A Syauli Bazar, la Guest House est très accueillante, au bord de la rivière. Le jardin est très coquet avec de jolis parterres de fleurs, des tables et des fauteuils dehors qui inviteraient à la détente sil ne pleuvait pas. On dîne d'une sorte de crique de pommes de terre et d'un excellent dhaal bhaat, servi avec une sorte d’épinards/blettes locales légèrement acidulées, un carry de chou-fleur et pommes de terre bien épicé, des haricots rouges, de délicieux pickles et un dhaal de lentilles bien parfumé au gingembre. Les maisons sont en pierre ici et non en bois comme dans les villages précédents. Les toits sont couverts d’ardoises qui luisent au soleil. Il suffit de s’éloigner de la route principale du trek qui ne comporte que des guest houses pour rencontrer la vie classique du village. Chacun s’attèle à sa besogne : s’occuper des champs, couper et porter du bois, laver le linge, refaire les marches d'ardoise du chemin, couper à la serpette les bambous qui seront tressés pour en faire un doko, ce panier traditionnel porté sur le dos. Ce sont les femmes qui travaillent dans les potagers. Elles portent souvent un grand foulard en laine rouge noué à l’arrière de la tête et de nombreux bijoux d'oreilles et de nez, avec le tilak hindou, le point rouge au milieu du front.

 

C'est donc notre dernière nuit dans les montagnes... Dans le hameau précédent, nous avons eu la surprise de croiser un bus, et ce retour aux voies de communication de la civilisation nous a surpris et décontenancés... On se rend compte qu'en peu de temps, on s'est bien coupé de ce qui fait le quotidien dans une petite bourgade, avec toutes les facilités... dont internet... A aucun moment, les enfants n'ont réclamé plus de confort, rechigné à boire l'eau de la rivière, ou rouspété pour aller aux toilettes alors que ce ne sont que des trous creusés dans la terre, à l'écart de la maison... Comme chaque fois que nous avons eu l'opportunité de marcher, nous savons que ces moments privilégiés entre nous et chacun avec soi-même, opèrent de profondes transformations en nous, que l'expérience de cette sorte de dématérialisation de la vie, de retour aux fondamentaux ne laisse pas indemne, et cette proximité avec une nature démesurée,  même à peine entr'aperçue,  bouleverse... C'est la première fois que nous faisons un trek itinérant avec les enfants, et ça change tout, de ne pas revenir dormir chaque soir au même endroit, de porter son matériel... Ils y ont pris goût...

 

Demain soir, nous serons à Pokhara, mais il nous reste encore une chance, au petit matin, d'avoir le bonheur d'admirer le Machapuchare...

Écrire commentaire

Commentaires: 2
  • #1

    mili (mardi, 13 septembre 2016 11:49)
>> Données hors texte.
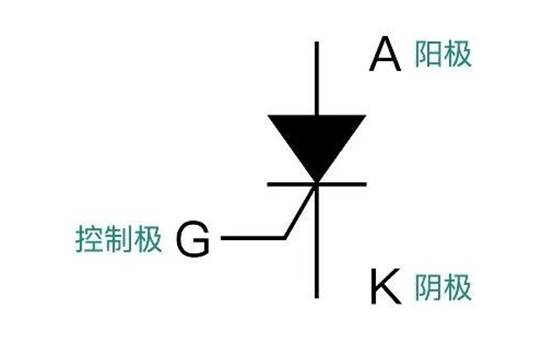 晶閘管是怎么調節燈泡亮度的？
    On est déçus, émus, bouleversés avec vous. Et fiers et admiratifs de nos petits, de leur enthousiasme ,courage et ténacité.
    De gros calins à Arthur pour le consoler des sangsues (mais ça n'évite pas de désinfecter!) et gros baisers à tous

  • #2

    Mamou (mardi, 13 septembre 2016 12:28)

    Nous sommes comme Mili et admiratifs de nos petits enfants;
    Arthur gardera un souvenir de ces horribles sangsues qui'il haissait avec une photo (si vous avez)
    Peut-être que demain matin sera le bon moment pour voir une dernière fois le Machapucharé.